La Direzione investigativa antimafia di Genova ha confiscato beni mobili e immobili per un valore complessivo di circa due milioni di euro a due persone arrestate nel luglio del 2016 nell’ambito della operazione antimafia “Alchemia”, condotta dalla Direzione distrettuale antimafia reggina, eseguita congiuntamente dalla Dia e dalla Polizia di Stato e conclusasi con l’emissione di 42 misure cautelari.
I due sono risultati affiliati a notissime cosche di ‘ndrangheta ed indiziati di associazione di tipo mafioso, concorso esterno in associazione mafiosa, corruzione, intestazione fittizia di beni e società. Il Tribunale di Reggio Calabria ha riconosciuto come l’associazione all’interno della quale si muovevano i due soggetti colpiti dal provvedimento ablativo fosse propriamente di tipo mafioso e ha quindi disposto la confisca dell’intero capitale sociale e patrimonio aziendale di un’impresa operante nel settore delle pulizie industriali e civili, di un fabbricato e di un terreno in provincia di Alessandria, nonché di conti correnti, beni mobili registrati e posizioni finanziarie riconducibili agli indagati.

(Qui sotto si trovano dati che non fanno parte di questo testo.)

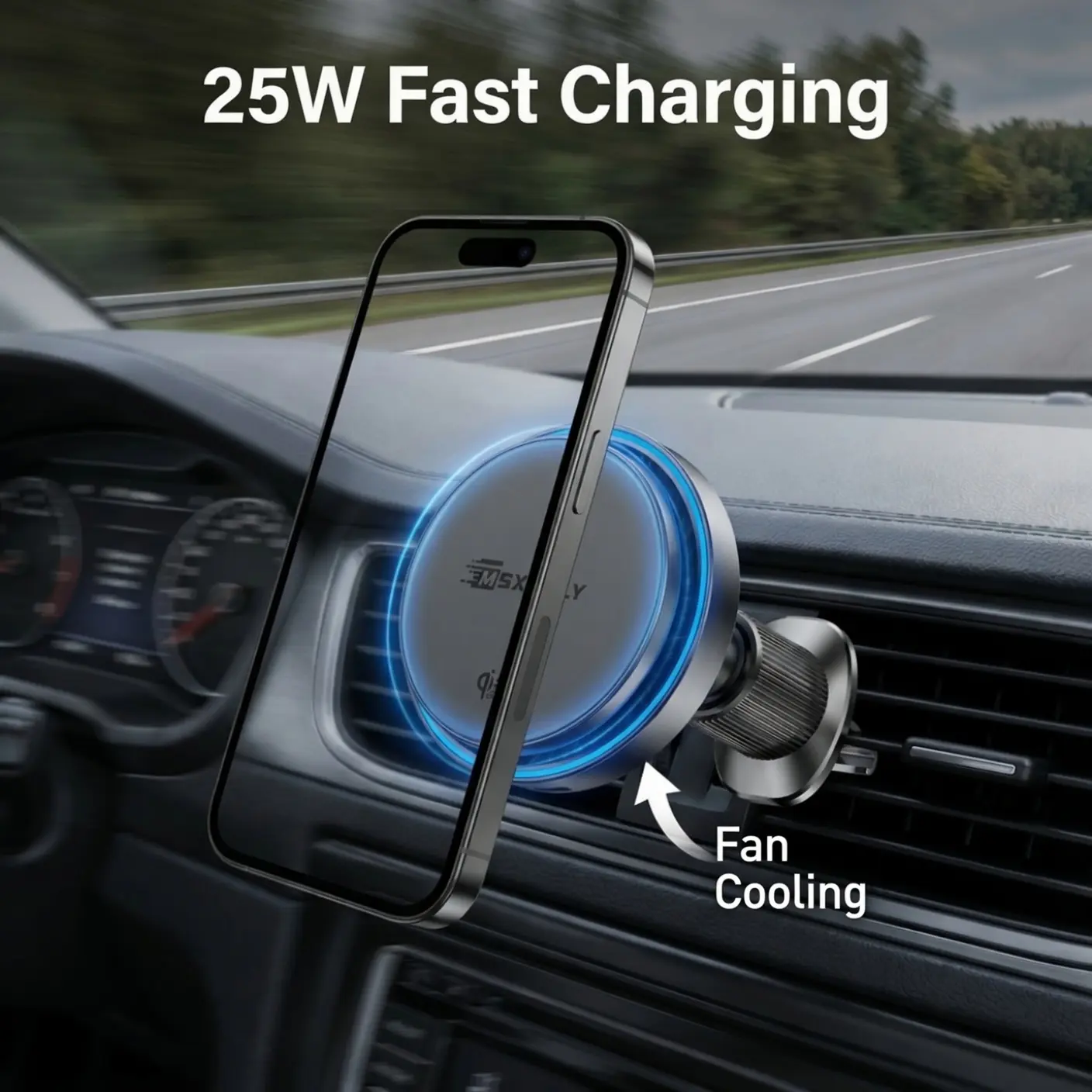 MSXTTLY Magnetic Wireless Charger - 25W Fast Charging, Instant Cooling Fan, LED Light MagSafe Car Phone Holder Pad, Heat Dissipation Magnetic Phone Charger, Compatible with iPhone 17/16/15/14/13/12 Series, Galaxy S25 Magnetic Wireless Charging Stand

L’attività nasce da indagini preventive svolte dalla stessa Dia cui sono seguite la proposta di misura da parte della procura di Reggio Calabria e l’emissione del provvedimento da parte del Tribunale – Sezione misure di prevenzione.
Sono Orlando Sofio di Novi Ligure e Marianna Grutteria di Serravalle Scrivia i due soggetti destinatari di un provvedimento di confisca, per un valore di circa 2 milioni di euro, emesso dalla sezione Misure di prevenzione del Tribunale di Reggio Calabria su richiesta della Direzione distrettuale antimafia guidata dal procuratore Giovanni Bombardieri e dall’aggiunto Gaetano Paci. Entrambi di origine calabrese sono stati condannati nel luglio 2020 per associazione a delinquere semplice nel processo “Alchemia”: 5 anni e 3 mesi di carcere sono stati inflitti a Sofio dal Tribunale di Palmi che ha condannato, invece, Grutteria a 3 anni di reclusione. I pm, però, hanno fatto appello perché nell’ambito dell’inchiesta, secondo la Dda, i due imputati dovrebbero essere condannati per associazione mafiosa perché ritenuti intranei alle cosche Raso-Gullace-Albanese e Gagliostro-Parrello. Sofio infatti, avrebbe gestito le imprese riconducibili alle consorterie mafiose ed era considerato dalla Dia l’accompagnatore e “telefonista” del boss Carmelo “Nino” Gullace, mentre la Grutteria sarebbe stata, secondo gli inquirenti, a completa disposizione delle cosche di Palmi.